Q: How has the scientific community responded to the multiverse theory?

A: Skeptically. It makes little sense to talk about other universes if there’s no way to confirm their existence. Some physicists have pointed out that if you can hypothesize an unlimited number of universes, you can explain anything, but a theory that allows anything to be possible, actually explains nothing. *

I’ve always thought that the multiverse theory is really no different from saying, “If there were a million monkeys pounding away on a million typewriters for an unlimited period of time, eventually they’d write the Bible, all of Shakespeare’s plays, the Koran, and every other famous book that’s ever been written — just by chance.”

I like using that example because it’s so preposterous.

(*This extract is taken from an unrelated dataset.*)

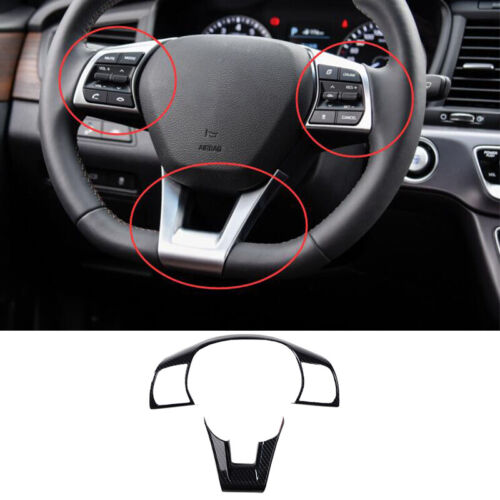 Carbon Fiber Steering Wheel Button Cover Trim 2pcs For Hyundai Sonata 2015-2019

When you cloak the multiverse theory in the garb of scientific language it appears more reasonable than when you substitute a goofy example.

Q: Have the proponents cited anything in support of the multiverse theory?

A: They’ve been able to show mathematically that the multiverse is a possibility, but, in science, being able to show that something is mathematically possible doesn’t necessarily mean that it’s true.

The other evidence cited is the discovery of “dark energy.” In 1998 scientists discovered that the expansion of the universe is accelerating and not slowing down as previously assumed. An unknown form of energy, dubbed “dark energy,” is causing this expansion.

The proponents of the multiverse theory have seized upon this expansion of the universe through “dark energy” as support for the multiverse theory. However, science at this point doesn’t even know what dark energy is, so obviously it’s neither evidence nor proof that other universes exist.

In fact, many scientists have shown that the discovery of “dark energy” provides additional support for the intelligent design viewpoint.

Q: Can you explain how?

A: “Dark energy” is another example of the kind of fine-tuning that allows life to exist. Scientists have found that the calibration of “dark energy,” which appears to be a repelling force, is just enough to accelerate expansion of the universe but not so much as to cause the universe to rip apart. If the effects of “dark energy” were any greater, they would overwhelm the gravity that holds the universe together.

One prominent physicist describes the calibration of dark energy as an example of fine-tuning well beyond what one might expect if it were a “mere accident.”*

Q: What, then, will be the likely fate of the multiverse theory?

A: There have been plenty of theories in science over the centuries that have been popular yet eventually been proven false. Evidence is ultimately what brings about changes in scientific understanding. If the evidence doesn’t confirm a theory, at some point we have to change or abandon the theory.

Maybe multiverses exist. But as an explanation of why intelligent life exists on Earth, so far there’s no evidence to support the multiverse theory.

Q: Do you believe that the future will increasingly confirm the intelligent design viewpoint?

A: Yes. I believe that as these “life-friendly” coincidences continue to stack up, more and more scientists will embrace intelligent design. As one commentator put it: “The basic properties of the universe are uncannily suited for life. Tweak the laws of physics in just about any way – and life as we know it would cease to exist.”*

One Comment

  1. Dear Peter,

    Thank you for this very insightful article. I’m sure as we move forward in this age of energy that more and more about life will be discovered. In friendship, Jerry.